Data for this exercise:
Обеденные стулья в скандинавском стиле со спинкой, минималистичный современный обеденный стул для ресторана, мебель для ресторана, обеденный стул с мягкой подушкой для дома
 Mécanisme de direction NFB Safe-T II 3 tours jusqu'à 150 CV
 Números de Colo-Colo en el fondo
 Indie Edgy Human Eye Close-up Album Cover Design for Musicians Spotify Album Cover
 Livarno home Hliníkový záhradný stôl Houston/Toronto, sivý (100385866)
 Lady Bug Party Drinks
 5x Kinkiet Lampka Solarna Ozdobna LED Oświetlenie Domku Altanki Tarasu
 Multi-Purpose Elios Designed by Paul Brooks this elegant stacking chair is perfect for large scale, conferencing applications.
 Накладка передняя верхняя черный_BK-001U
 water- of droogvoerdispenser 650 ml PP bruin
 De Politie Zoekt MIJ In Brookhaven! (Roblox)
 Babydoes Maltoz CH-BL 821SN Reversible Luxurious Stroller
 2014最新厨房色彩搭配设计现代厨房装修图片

Required action: Starting at the line with "water- of droogvoerdispenser 650 ml PP bruin", restate each line through the end of the records, both ends included, and stop there.

Answer for this exercise:
 water- of droogvoerdispenser 650 ml PP bruin
 De Politie Zoekt MIJ In Brookhaven! (Roblox)
 Babydoes Maltoz CH-BL 821SN Reversible Luxurious Stroller
 2014最新厨房色彩搭配设计现代厨房装修图片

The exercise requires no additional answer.